On Monday, July 29, 2019 at 5:34:39 AM UTC-5, Bruno Marchal wrote:
>
>
> On 28 Jul 2019, at 23:42, Lawrence Crowell <[email protected] 
> <javascript:>> wrote:
>
>
>
> On Sunday, July 28, 2019 at 5:09:56 AM UTC-5, Bruno Marchal wrote:
>>
>>
>> On 27 Jul 2019, at 20:42, Lawrence Crowell <[email protected]> 
>> wrote:
>>
>> On Saturday, July 27, 2019 at 8:38:12 AM UTC-5, John Clark wrote:
>>>
>>> All that assumes that infinity exists for any meaningful use of the word 
>>> “exists” and as far as I know nobody has ever found a infinite number of 
>>> anything. Mathematics can write stories about the infinite in the language 
>>> of mathematics but are they fiction or nonfiction?
>>>
>>> John k Clark
>>>
>>>
>> Infinity is not a number in the usual sense, but more a cardinality of a 
>> set. Infinity has been a source of trouble for some. I work with Hilbert 
>> spaces that have a form of construction that is finite, but where the 
>> finite upper limit is not bounded ---- it can always be increased. This is 
>> because of entropy bounds, such as the Bekenstein bound for black holes and 
>> Bousso bounds on AdS, that demands a finite state space for local physics. 
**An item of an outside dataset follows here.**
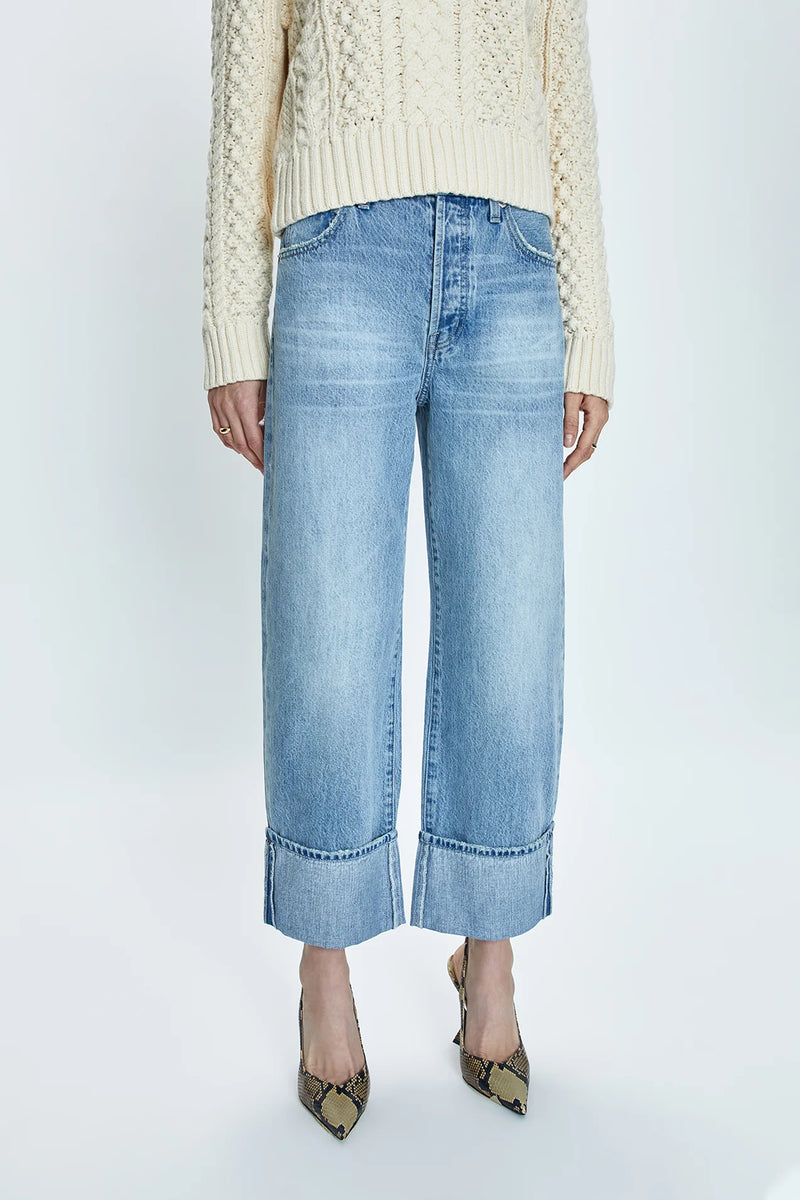 PISTOLA - RYDER HIGH RISE CUFF JEAN ESSEX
>> George Cantor made some set theoretic sense out of infinities, even a 
>> hierarchy of them. This avoids some difficulties. However, I think that 
>> mathematics in general is not as rich if you work exclusively in finitude. 
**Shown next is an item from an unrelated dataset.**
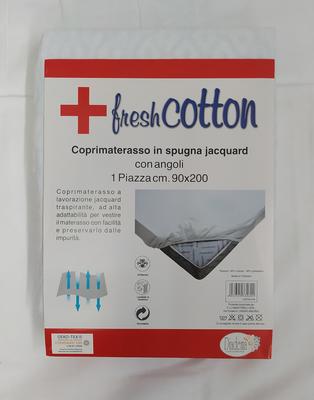 COPRIMATERASSO 1P FRESH COTTON JACQUARD Tellini S.r.l. Ingrosso Abbigliamento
>> Fraenkel-Zermelo set theory even has an axiom of infinity. The main point 
>> is with axiomatic completeness, and mathematics with infinity is more 
>> complete. 
>>
>>
>> Mechanism provides an ontological finitism (what exists are only 0, s(0), 
>> s(s(0)), …), but it explains why those finite objects will believe 
>> correctly in some phenomenological infinite (already needed to get an idea 
>> of what “finite” could mean.
>> The infinite is phenomenologically real, but has no ontology.
>>
>> No first order logical theories can really define the difference between 
>> finite and infinite. Even ZF, despite its axiom of infinity is not able to 
>> do that, in the sense that it too has non standard model, in which we can 
>> have a finite number greater than all the “standard” natural numbers 0, 
>> s(0) …
>>
>> I am not sure why you say that adding an axiom of infinity makes a theory 
>> more complete. There are sense it which it only aggravate incompleteness. 
>>
>> Once a theory is rich enough to define and prove the existence of a 
>> universal machine, that theory becomes essentially undecidable (which means 
>> that not only it is undecidable, but it is un-completable: all the 
>> effective consistent extensions are undecidable.
>>
>> Bruno
>>
>>
> I am not a set theory maven particularly. I only know the basic things and 
> some aspects of advanced topics I have read. The recursive function is to 
> take 0 and "compute" s(0) and then ss(0) and so forth. The entire set is 
> recursively enumerable and the idea that given 0 and computing s(0) one has 
> ss^n(0) = s^{n+1}(0) is induction. That this leads to a countably infinite 
> set is recursively enumerable and that is not something one can "machine 
> compute." I think this is this "extension.”
>
>
>
> The set N = {0, 1, 2, …} is trivially recursively enumerable (can be 
> generated by a digital machine/program). It is the range of the identity 
> function. 
>
> Once a function is computable, or once a set can be computably generated, 
> we usually say that the function (an infinite object) is (partially) 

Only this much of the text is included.